Recommender systems are now setting the pace in the digital marketplace – not just for products and services, but also in networking sites which present users with a choice of people that they could connect with. In this blog post, we will explore how recommender systems use collaborative filtering.
The internet’s vast troves of data have a problem – extracting information from these big data sets is becoming increasingly difficult. Collaborative filtering is one of the mechanisms that filters information to help systems make predictions and serve their users better.
Collaborative filtering makes predictions about a user’s interests based upon the collection of preferences of many other users. The premise is that if person A likes and buys the same product as person B, then person A is also likely to buy other different products that person B has bought, rather than any randomly chosen person.
Collaborative filtering requires that users actively participate in the system, indicating their preferences and interests, it also requires the use of machine learning algorithms that can match users with similar interests. Collaborative filtering can be user-based or item-based.
User-based filtering typically uses the Nearest Neighbor algorithm to process the information and make predictions. It matches the user with others who share the same rating patterns and use those ratings to calculate a prediction for the current user.
How Facebook uses Collaborative Filtering
In Facebook, Collaborative filtering is used to help users discover friends, pages, groups and events that are most relevant to them, based on historical data of like-minded users and their preferences.

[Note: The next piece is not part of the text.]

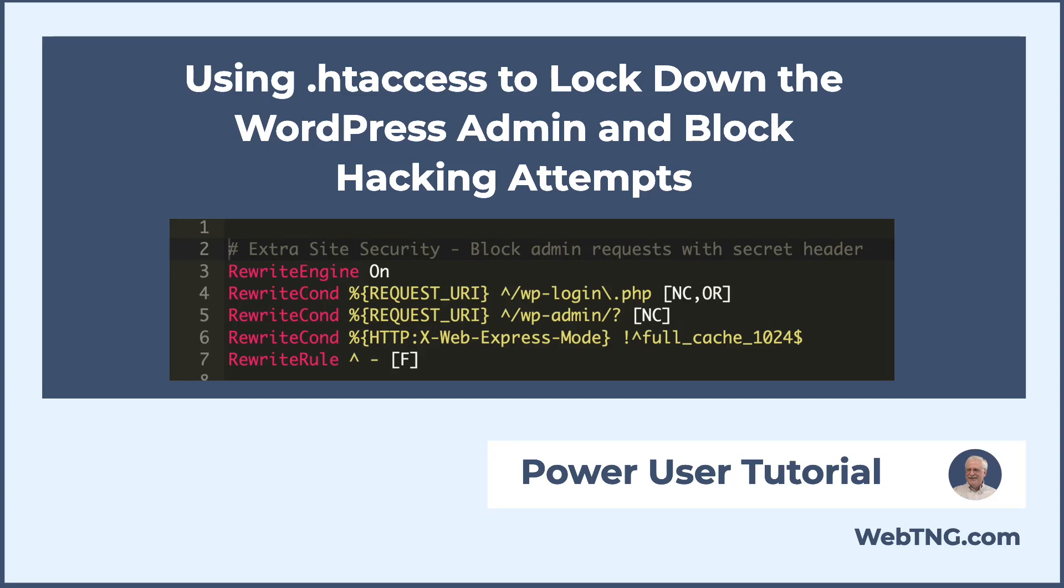Hi, this is David McCann for WebTNG. This video is for power users.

One of the challenges that collaborative filtering tackles is the massive data sets that Facebook has, to come up with relevant recommendations. Facebook’s average data set has 100 billion ratings with more than a billion users and millions of items. Existing solutions were simply not enough to handle the scale and the complexity of the data. Their software engineers have worked on several customized solutions along with scaling Apache Giraph to solve the problem.

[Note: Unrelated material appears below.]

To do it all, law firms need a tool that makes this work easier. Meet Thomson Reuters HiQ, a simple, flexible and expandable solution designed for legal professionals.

Facebook’s Maja Kabiljo & Aleksandar Ilic have written about how they use both Alternating Least Squares (ALS) and Stochastic gradient descent (SGD) optimization in a customized rotational hybrid method to help achieve better recommendations.
They found that using the standard method led to problems such as large network traffic and skewed item degree distribution. Their solution has them extending the Giraph framework with worker-to-worker messaging. This rotational hybrid method is also 10x faster than the more conventional Spark MLib implementations in this domain. Further, the standard approach could only handle a data set capped at 3.5 billion ratings, whereas the rotational hybrid method, the system could handle more than 100 billion ratings.
How LinkedIn uses Collaborative Filtering
LinkedIn uses item-based collaborative filtering to connect users. At LinkedIn item-to-item collaborative ﬁltering is used to set up recommendations for people, job, company, group and is one of the principal components of user engagement.
On each user’s profile/page, there is navigational aid that enables the user to browse and discover content like for example, ‘people who viewed this profile also viewed,’ etc. These navigational aids are called browsemaps and are a collaborative filtering dataset. While it was initially designed to show co-occurrences on member profiles, it evolved into an item-to-item collaborative ﬁltering platform, where member browsing histories are used to build a latent graph of co-occurrences of entities.
The Browsemaps platform which is a hybrid offline/online system enables rapid development, deployment, and computation of collaborative ﬁltering recommendations. The platform can support all entities on LinkedIn, such as member profiles, job postings and company pages and is flexible enough to support each entity’s requirements. For example, job postings will expire after a date and so the browsemap will remove the job listing while retaining the company page as is.
With this online/offline architecture, Browsemap’s online/offline architecture is well suited for LinkedIn’s extensive traffic and powers many of LinkedIn’s navigational aids. These collaborative filtering datasets also enable many hybrid recommender systems.
The search for more personalized recommendation systems will continue to drive research and development soon. As Collaborative Filtering methods come more sophisticated, its application will extend to different kinds of data including financial data, and environmental sensing and monitoring data.